Thu, Mar 08, 2007 - Page 7 News List

Colombians celebrate author's 80th

AP , BOGOTA

Two men walk by the Gabriel Garcia Marquez museum in Aracataca, Colombia, on Jan. 4. Aracataca is the hometown of the Nobel Prize-winning author, who celebrated his 80th birthday on Tuesday.

PHOTO: AP

The Colombian government celebrated the 80th birthday of Nobel Prize-winning novelist Gabriel Garcia Marquez on Tuesday with a vow to rebuild the author's childhood home in the banana-producing town of Aracataca and convert into a museum.

Culture Minister Elvira Cuervo de Jaramillo said the government would spend US$500,000 to reconstruct the home where the author drew inspiration for his trademark literary style that later became a much-emulated genre in itself: magical realism.

His 2003 autobiography Living to Tell the Tale says that it was on the patio of his thatch-roofed home that the young author eavesdropped on his grandmother and aunts, whose matter-of-fact telling of ghosts visiting in the night and opera-singing parrots would later pepper much of his literature.

Jaramillo said she hopes the reconstruction -- approved by Garcia Marquez -- would draw as many literary pilgrims to Aracataca as Shakespeare's birthplace in Stratford-upon-Avon, England.

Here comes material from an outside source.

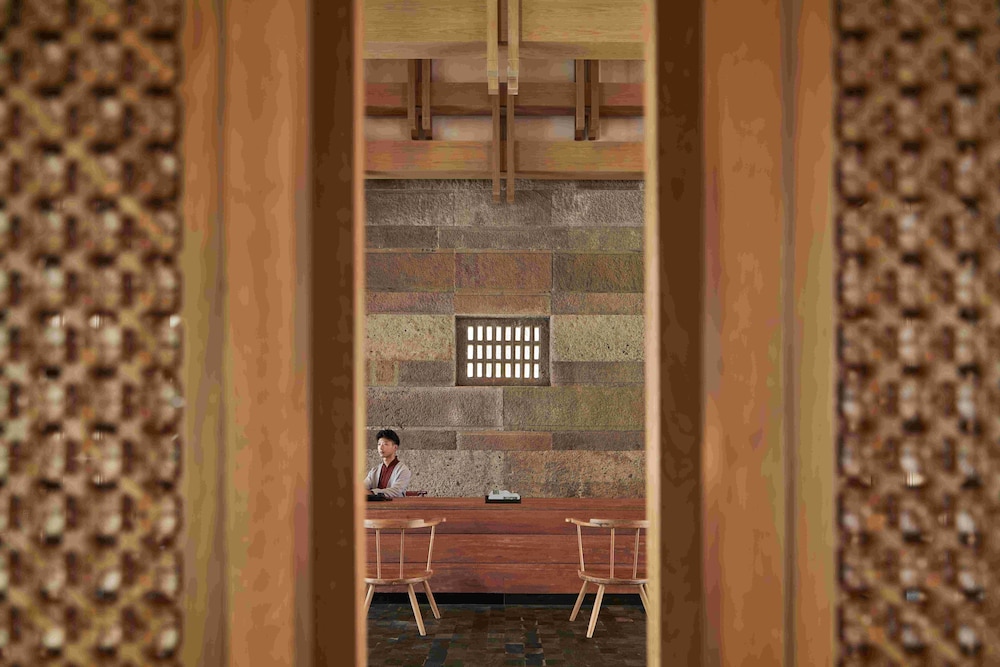 pokkei hotel shaoxing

"The importance of this home to the work of Garcia Marquez is that the original title of One Hundred Years of Solitude was going to be called La Casa" said Jaramillo, referring to the author's masterwork, which has sold over 30 million copies in translated editions worldwide.

Although Garcia Marquez left Aracataca when he was nine, the town's 53,000 residents awoke on Tuesday to the sound of 80 cannon blasts. The town has hosted celebrations involving public readings and accordion-heavy vallenato music since Saturday.

"In spite of our limited resources, we were still able to organize a mass, popular celebration," Aracataca Culture Secretary Rafael Dario Jimenez said.

It was unclear where Garcia Marquez, who has lived in Mexico City for decades, was celebrating his birthday. Local media reported that the author was in Cuba, where he is a frequent guest of President Fidel Castro.